Sinking island seeks seat in Security Council

By Thalif Deen

UNITED NATIONS, Jul 26 2017 (IPS) - The Maldives, one of the world’s low-lying, small island developing states (SIDS) — threatened with extinction because of a sea-level rise– is shoring up its coastal defences in anticipation of the impending calamity.

And it is seeking international support for its very survival.—at a time when most Western nations are either cutting down on development aid or diverting funds to boost domestic security.

“The danger of sea level rise is very real and threatens not just the Maldives and other low-lying nations, but also major coastal cities like New York and Miami,” Ambassador Ahmed Sareer, the outgoing Permanent Representative of the Maldives, told IPS.

Sareer, who held the chairmanship of the Alliance of Small Island States (AOSIS) for over two years, said that even though projections vary, scientists anticipate at least three feet of sea level rise by the end of the century.

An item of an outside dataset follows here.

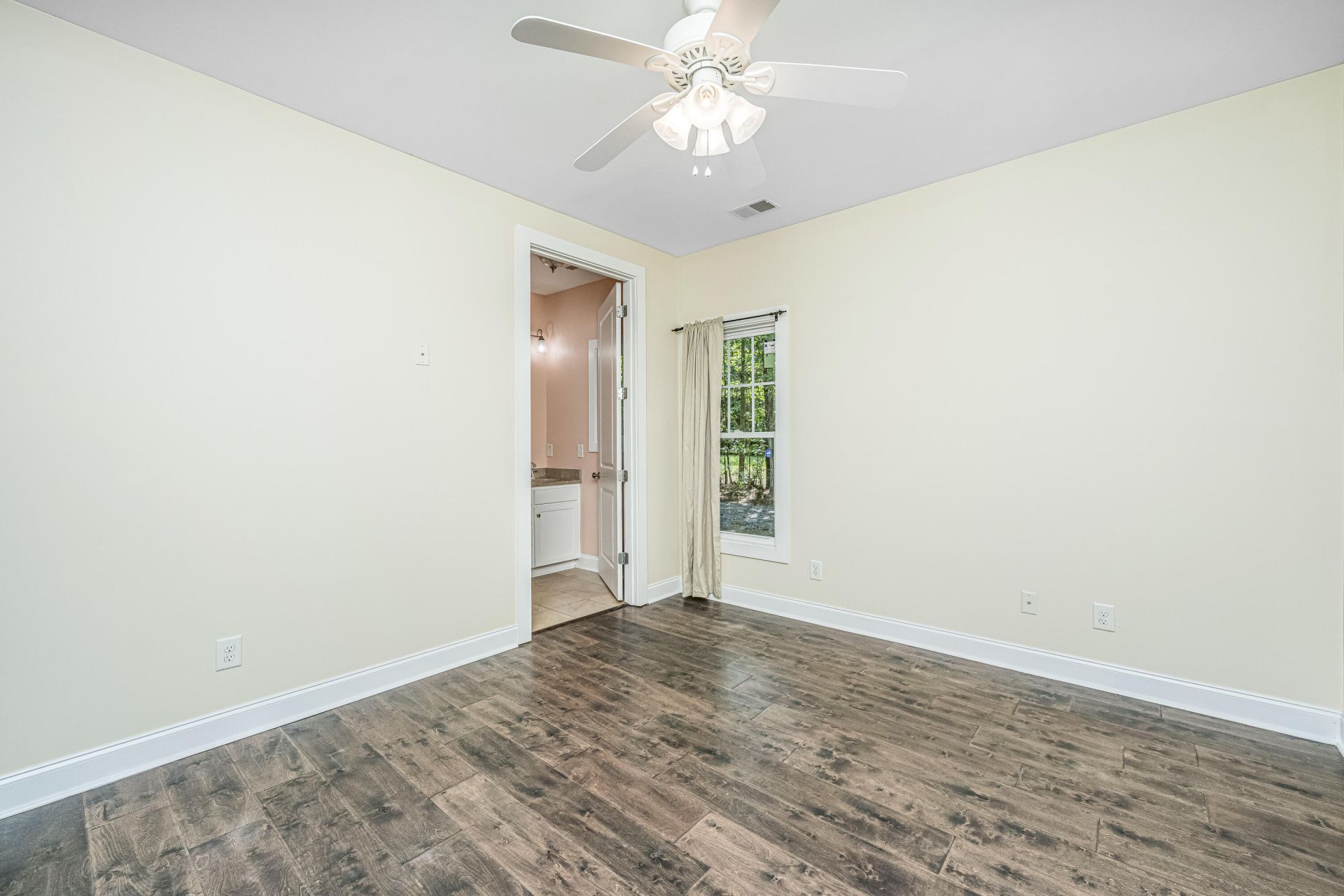 6037 Chisolm Road Photo 20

“This would be problematic for the Maldives, SIDS and many other coastal regions. We are currently building coastal defences to mitigate the danger, but need more support,” said Sareer, currently Foreign Secretary of the Maldives.

Along with Maldives, there are several low lying UN member states who are in danger of disappearing from the face of the earth, including the Marshall Islands, Kiribati, Nauru, Solomon Islands, Tuvalu, Palau and Micronesia.

Asked if the United Nations and the international community were doing enough to help alleviate low-lying small island states, Sareer told IPS: “There has been a heightened focus on the risks SIDS face in recent years, not just from climate change but economic challenges as well. We are grateful for the progress, of course, but it is fair to say we still have much further to go.”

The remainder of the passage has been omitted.